Lindsey Vonn's appearance on the cover of Sports Illustrated's Olympic preview edition for the United States got a lot of attention after the wide circulation of a critical blog post by Nicole LaVoi, associate director of the Tucker Center for Research on Girls and Women in Sports at the University of Minnesota.
"When females are featured on the cover of SI," LaVoi wrote, "they are more likely than not to be in sexualized poses and not in action — and the most recent Vonn cover is no exception."

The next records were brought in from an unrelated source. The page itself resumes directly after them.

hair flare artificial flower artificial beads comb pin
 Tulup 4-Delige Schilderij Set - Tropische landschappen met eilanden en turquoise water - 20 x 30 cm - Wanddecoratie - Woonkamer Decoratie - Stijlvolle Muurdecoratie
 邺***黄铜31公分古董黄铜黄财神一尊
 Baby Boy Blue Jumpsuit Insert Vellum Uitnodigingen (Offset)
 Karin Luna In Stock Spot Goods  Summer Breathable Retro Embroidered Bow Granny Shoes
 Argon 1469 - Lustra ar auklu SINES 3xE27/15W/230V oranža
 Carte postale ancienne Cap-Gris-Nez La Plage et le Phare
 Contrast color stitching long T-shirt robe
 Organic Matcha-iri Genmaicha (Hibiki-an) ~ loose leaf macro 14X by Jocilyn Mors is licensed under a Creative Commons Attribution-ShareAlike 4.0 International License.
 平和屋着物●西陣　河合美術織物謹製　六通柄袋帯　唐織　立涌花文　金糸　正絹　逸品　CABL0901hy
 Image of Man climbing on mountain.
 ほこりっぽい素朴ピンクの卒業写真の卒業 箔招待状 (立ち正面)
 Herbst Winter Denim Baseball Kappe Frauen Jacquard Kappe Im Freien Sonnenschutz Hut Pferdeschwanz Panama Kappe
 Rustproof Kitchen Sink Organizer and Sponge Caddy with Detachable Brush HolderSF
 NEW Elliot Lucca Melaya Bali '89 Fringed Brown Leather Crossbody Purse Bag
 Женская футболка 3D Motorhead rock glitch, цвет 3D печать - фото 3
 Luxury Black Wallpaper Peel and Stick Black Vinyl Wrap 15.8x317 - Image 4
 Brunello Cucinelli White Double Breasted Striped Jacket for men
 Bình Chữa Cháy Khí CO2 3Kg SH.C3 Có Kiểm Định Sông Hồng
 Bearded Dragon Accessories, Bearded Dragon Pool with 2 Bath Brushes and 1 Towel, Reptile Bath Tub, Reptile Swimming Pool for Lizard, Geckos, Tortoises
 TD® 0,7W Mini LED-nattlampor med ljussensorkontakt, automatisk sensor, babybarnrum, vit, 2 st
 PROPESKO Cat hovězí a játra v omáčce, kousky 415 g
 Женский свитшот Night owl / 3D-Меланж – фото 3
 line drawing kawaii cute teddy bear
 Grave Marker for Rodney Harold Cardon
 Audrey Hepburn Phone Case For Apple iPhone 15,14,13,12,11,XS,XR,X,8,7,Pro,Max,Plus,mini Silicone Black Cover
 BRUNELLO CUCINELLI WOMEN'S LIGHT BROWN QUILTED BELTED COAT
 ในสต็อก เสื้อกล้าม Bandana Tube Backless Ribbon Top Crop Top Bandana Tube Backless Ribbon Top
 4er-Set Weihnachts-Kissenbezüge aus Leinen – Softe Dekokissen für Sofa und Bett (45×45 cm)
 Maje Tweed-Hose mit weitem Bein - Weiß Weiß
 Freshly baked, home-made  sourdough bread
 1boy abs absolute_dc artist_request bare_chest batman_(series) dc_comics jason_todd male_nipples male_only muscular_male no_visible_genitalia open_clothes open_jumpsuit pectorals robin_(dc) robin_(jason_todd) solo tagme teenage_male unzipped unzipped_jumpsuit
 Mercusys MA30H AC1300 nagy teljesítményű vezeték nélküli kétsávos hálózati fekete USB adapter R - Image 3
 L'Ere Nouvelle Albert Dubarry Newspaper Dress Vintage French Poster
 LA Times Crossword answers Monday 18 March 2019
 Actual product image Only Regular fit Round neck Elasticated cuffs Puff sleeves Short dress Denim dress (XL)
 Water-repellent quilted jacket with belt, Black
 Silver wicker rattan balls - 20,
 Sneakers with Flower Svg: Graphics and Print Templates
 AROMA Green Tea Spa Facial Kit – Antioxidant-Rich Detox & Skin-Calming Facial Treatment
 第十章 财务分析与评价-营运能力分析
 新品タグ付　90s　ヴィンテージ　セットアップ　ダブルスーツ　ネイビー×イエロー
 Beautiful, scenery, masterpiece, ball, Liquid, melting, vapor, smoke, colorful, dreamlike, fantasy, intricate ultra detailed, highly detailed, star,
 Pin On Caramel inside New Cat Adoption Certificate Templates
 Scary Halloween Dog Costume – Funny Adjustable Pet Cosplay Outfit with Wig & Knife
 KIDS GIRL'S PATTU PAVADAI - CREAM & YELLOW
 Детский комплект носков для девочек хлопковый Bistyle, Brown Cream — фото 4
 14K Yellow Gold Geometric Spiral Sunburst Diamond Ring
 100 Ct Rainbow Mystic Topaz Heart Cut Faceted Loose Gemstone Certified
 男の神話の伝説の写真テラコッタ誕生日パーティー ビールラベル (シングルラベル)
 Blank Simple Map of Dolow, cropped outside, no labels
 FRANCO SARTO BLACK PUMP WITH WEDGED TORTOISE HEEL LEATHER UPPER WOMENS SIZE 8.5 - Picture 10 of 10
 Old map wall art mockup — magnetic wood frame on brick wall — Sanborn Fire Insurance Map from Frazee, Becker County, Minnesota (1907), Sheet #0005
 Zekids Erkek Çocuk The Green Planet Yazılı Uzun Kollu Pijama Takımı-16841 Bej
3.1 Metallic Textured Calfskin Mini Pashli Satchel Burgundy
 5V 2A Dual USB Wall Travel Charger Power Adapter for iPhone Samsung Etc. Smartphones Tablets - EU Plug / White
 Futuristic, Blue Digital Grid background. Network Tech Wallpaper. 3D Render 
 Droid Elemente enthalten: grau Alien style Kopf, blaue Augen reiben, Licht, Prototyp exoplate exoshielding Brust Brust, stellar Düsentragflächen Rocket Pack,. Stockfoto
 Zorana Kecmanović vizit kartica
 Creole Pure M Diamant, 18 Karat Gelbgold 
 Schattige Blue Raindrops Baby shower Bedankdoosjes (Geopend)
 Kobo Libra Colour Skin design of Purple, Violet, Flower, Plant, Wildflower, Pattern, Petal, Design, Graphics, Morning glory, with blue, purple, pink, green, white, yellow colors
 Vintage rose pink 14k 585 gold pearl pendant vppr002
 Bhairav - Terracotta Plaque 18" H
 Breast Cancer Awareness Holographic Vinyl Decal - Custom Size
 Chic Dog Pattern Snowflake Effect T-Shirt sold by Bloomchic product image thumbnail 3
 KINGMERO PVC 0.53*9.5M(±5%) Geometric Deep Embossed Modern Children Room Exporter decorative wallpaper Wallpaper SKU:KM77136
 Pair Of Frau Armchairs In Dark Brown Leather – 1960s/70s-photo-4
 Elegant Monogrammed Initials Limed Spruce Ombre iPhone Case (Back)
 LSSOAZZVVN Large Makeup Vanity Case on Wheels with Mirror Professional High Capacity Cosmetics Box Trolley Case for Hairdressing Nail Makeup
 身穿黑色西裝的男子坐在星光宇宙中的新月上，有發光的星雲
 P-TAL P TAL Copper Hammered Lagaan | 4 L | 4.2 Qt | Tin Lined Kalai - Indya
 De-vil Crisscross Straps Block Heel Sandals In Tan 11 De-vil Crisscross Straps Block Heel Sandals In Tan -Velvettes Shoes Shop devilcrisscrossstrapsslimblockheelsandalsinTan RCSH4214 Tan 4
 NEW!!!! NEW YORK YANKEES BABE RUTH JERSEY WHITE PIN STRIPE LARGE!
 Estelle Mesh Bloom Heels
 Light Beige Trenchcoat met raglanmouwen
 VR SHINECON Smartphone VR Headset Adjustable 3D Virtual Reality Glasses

The majority of the reaction to the post has been critical of LaVoi. It has been pointed out that Vonn is wearing the outfit she competes in and is in a traditional skiing position. In followup posts, LaVoi elaborated on her feelings, saying among other things that ski stance or not, the photo is still posed and Vonn isn't in her complete uniform because she isn't wearing a helmet.
"Picture a male ski racer in a similar pose on the cover of SI, smiling at the camera. Would we see that?" she wrote.
(Responses to that comment have pointed out that SI's Canadian preview issue has on the cover the Pittsburgh Penguins' and Team Canada's Sidney Crosby in a posed shot, in uniform except for his helmet, in a faceoff stance, head up and smiling at the camera.)
LaVoi re-entered the fray Tuesday when SI announced that Vonn is one of three U.S. female Olympians in this year's swimsuit issue (the others are snowboarder Hannah Teter and freestyle skier Lacy Schnoor) and posted photos from the issue on its Web site.